● **Task to carry out**:
Lift out, unaltered, the lines of the material below between the line holding "Wedding Dress Lake" and the line holding "Skeri Electric Scooter", counting both.

● **Entries shown**:
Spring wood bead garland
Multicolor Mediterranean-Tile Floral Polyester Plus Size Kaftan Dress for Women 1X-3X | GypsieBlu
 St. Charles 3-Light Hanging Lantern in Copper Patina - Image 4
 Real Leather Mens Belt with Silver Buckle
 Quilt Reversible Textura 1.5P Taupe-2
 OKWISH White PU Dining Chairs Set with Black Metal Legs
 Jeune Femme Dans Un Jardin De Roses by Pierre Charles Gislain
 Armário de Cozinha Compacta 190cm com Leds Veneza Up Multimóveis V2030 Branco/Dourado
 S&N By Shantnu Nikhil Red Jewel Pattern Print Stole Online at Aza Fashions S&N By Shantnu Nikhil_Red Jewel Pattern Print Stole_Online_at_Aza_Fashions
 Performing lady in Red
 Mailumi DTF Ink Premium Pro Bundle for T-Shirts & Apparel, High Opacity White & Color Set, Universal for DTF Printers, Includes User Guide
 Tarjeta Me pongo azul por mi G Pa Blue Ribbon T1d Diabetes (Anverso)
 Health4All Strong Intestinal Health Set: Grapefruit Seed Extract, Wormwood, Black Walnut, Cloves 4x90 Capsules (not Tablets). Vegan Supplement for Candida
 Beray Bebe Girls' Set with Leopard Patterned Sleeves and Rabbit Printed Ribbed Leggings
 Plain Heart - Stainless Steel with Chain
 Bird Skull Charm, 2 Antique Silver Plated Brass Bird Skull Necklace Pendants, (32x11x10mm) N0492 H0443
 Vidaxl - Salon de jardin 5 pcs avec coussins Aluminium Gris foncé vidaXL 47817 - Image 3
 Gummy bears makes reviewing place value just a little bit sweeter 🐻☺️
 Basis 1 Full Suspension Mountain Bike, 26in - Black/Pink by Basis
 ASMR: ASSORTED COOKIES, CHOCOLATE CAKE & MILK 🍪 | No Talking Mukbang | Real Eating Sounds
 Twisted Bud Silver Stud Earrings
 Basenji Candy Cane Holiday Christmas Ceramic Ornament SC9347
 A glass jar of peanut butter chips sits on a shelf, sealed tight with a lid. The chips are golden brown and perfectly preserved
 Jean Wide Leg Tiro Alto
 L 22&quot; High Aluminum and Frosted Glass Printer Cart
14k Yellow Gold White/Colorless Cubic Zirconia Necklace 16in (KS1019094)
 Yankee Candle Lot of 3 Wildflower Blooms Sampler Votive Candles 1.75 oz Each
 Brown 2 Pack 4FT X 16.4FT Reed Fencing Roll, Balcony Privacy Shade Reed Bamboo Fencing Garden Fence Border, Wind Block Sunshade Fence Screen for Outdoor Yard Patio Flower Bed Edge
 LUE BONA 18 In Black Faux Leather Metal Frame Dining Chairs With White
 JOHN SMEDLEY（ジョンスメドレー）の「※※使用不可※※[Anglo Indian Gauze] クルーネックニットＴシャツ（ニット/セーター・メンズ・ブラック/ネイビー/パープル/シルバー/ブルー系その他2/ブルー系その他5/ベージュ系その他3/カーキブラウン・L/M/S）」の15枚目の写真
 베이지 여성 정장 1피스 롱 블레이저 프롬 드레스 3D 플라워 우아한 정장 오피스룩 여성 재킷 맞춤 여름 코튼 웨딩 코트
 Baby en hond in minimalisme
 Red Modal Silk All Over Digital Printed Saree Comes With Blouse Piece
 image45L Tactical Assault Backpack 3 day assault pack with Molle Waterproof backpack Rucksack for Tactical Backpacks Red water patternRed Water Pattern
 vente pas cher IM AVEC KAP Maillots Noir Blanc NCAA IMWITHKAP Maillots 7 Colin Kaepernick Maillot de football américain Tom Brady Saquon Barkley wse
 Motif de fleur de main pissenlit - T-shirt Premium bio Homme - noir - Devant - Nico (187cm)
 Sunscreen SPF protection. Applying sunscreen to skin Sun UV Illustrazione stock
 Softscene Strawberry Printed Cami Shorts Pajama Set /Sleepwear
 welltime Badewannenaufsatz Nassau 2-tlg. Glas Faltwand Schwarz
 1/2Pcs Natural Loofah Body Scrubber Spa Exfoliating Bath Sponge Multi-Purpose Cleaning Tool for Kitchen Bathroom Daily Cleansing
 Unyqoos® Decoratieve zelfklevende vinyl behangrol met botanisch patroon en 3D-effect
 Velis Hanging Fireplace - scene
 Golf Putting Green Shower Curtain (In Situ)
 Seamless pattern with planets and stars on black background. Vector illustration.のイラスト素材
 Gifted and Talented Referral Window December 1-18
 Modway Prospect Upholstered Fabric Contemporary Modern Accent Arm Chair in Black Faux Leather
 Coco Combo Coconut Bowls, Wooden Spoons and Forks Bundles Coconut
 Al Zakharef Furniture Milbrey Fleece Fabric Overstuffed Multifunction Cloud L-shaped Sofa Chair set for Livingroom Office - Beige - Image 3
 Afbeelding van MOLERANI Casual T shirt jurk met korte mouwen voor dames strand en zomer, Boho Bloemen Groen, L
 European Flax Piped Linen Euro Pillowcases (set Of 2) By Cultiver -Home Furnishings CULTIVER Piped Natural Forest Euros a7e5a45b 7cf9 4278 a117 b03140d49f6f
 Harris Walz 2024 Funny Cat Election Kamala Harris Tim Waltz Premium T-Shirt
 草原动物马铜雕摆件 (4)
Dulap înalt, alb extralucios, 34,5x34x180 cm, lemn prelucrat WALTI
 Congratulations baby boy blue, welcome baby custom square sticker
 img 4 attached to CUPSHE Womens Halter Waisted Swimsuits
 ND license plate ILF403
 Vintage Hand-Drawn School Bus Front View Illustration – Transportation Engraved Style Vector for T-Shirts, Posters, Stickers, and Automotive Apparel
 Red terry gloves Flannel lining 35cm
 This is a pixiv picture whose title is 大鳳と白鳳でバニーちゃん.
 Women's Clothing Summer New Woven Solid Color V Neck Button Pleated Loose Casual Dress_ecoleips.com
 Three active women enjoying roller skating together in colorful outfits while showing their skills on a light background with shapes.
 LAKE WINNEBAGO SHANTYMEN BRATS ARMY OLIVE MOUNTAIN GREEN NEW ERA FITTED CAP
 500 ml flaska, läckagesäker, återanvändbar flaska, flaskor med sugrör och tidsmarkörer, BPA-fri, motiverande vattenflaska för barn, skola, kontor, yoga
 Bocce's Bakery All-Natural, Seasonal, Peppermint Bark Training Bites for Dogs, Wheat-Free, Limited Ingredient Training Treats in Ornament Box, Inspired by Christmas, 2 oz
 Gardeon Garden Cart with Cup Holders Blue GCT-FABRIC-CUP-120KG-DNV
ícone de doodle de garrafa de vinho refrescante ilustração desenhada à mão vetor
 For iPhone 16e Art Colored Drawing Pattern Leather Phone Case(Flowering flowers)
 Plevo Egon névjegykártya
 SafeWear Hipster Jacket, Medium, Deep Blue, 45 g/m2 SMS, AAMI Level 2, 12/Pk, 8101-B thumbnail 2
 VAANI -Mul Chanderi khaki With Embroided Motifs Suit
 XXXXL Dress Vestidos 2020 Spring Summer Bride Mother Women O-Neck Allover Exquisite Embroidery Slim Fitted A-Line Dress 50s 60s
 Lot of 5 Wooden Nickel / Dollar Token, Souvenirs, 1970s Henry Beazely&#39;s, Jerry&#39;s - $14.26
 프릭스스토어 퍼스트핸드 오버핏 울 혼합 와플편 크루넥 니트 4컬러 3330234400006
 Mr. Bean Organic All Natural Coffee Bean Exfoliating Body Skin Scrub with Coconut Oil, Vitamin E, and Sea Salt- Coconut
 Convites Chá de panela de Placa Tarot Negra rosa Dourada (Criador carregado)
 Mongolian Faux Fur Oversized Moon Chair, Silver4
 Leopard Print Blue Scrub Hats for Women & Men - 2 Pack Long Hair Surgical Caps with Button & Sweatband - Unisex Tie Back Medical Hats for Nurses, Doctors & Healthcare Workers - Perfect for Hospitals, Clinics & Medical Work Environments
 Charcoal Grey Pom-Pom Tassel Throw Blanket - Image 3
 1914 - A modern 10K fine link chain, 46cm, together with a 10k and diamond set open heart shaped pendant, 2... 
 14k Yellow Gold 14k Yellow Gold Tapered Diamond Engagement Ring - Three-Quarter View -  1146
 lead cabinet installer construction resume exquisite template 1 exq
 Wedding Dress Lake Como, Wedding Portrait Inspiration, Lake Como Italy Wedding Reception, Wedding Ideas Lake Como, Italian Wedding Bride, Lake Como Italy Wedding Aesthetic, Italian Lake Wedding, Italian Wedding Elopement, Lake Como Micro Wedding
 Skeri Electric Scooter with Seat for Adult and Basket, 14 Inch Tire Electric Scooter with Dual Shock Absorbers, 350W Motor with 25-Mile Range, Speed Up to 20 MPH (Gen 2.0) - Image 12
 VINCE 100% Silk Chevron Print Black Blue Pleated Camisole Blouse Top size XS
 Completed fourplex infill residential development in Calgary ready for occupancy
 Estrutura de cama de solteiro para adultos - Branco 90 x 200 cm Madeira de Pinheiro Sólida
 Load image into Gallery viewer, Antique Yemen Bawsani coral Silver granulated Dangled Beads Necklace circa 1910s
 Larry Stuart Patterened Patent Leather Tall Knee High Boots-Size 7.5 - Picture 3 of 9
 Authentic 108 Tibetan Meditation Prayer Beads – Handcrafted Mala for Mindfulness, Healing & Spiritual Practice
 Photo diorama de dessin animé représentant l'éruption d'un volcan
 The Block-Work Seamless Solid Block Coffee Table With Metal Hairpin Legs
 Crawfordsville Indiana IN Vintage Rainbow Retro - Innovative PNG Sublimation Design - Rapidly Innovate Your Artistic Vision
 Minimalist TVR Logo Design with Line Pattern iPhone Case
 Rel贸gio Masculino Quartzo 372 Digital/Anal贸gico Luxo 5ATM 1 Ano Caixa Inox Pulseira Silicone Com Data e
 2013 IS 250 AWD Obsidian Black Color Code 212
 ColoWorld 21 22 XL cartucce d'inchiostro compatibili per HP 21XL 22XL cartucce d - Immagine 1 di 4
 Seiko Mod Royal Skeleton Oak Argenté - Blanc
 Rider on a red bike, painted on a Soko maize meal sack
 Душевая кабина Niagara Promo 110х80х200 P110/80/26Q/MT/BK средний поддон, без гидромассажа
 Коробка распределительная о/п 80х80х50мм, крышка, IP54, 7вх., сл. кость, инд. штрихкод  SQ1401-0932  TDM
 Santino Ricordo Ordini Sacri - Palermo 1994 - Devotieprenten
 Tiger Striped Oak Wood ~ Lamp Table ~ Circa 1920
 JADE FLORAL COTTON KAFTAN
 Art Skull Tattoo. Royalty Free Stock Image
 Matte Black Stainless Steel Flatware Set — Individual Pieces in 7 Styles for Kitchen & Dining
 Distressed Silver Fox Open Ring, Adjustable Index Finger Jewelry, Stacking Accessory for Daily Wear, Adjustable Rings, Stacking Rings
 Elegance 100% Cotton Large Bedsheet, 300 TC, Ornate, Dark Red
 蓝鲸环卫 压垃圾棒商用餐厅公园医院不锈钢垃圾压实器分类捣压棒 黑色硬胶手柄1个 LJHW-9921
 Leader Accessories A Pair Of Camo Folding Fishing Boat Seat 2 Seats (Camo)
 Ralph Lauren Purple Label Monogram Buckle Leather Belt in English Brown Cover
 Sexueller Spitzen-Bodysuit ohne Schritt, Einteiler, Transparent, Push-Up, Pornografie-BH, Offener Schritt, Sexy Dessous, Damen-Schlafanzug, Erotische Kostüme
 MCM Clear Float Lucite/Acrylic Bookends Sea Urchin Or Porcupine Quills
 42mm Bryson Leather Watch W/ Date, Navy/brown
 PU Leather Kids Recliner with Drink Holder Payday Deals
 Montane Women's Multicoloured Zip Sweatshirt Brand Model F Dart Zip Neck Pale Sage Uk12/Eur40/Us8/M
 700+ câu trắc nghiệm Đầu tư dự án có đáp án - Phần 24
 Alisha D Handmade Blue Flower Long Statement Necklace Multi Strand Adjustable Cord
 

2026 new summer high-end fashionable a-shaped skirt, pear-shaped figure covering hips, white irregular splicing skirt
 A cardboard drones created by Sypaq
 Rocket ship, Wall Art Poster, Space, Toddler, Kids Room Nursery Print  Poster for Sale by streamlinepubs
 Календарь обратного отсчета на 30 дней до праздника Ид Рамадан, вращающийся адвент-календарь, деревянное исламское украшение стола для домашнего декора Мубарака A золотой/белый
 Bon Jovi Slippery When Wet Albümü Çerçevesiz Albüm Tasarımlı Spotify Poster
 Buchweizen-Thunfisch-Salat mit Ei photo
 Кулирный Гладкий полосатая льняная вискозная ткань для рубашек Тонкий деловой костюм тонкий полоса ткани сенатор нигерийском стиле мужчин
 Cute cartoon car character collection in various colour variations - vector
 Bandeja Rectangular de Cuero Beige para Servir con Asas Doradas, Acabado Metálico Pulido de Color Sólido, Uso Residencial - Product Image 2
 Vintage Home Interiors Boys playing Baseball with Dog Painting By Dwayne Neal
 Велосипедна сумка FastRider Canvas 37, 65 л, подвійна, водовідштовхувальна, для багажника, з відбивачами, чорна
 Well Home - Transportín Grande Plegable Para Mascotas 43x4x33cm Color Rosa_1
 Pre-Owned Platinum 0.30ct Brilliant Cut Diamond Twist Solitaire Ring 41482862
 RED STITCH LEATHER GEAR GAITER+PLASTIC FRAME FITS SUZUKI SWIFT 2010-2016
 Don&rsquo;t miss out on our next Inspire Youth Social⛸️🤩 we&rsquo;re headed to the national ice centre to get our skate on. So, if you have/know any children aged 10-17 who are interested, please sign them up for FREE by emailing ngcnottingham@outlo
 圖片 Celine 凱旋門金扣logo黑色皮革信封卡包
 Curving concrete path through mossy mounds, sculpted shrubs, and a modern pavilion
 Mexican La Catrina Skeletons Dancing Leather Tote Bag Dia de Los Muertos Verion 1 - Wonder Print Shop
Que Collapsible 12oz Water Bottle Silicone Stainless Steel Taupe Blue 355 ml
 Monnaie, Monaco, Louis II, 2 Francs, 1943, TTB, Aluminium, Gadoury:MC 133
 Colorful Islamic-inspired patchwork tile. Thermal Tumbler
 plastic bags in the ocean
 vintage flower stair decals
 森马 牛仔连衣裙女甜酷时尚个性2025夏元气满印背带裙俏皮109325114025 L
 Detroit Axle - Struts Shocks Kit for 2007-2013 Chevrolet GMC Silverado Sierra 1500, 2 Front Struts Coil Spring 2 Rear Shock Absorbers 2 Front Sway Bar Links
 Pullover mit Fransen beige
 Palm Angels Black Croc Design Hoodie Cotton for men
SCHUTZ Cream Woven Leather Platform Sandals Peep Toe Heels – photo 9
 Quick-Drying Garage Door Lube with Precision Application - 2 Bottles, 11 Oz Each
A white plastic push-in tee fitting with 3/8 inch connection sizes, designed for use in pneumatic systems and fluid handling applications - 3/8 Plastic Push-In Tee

● **Written response**:
 Wedding Dress Lake Como, Wedding Portrait Inspiration, Lake Como Italy Wedding Reception, Wedding Ideas Lake Como, Italian Wedding Bride, Lake Como Italy Wedding Aesthetic, Italian Lake Wedding, Italian Wedding Elopement, Lake Como Micro Wedding
 Skeri Electric Scooter with Seat for Adult and Basket, 14 Inch Tire Electric Scooter with Dual Shock Absorbers, 350W Motor with 25-Mile Range, Speed Up to 20 MPH (Gen 2.0) - Image 12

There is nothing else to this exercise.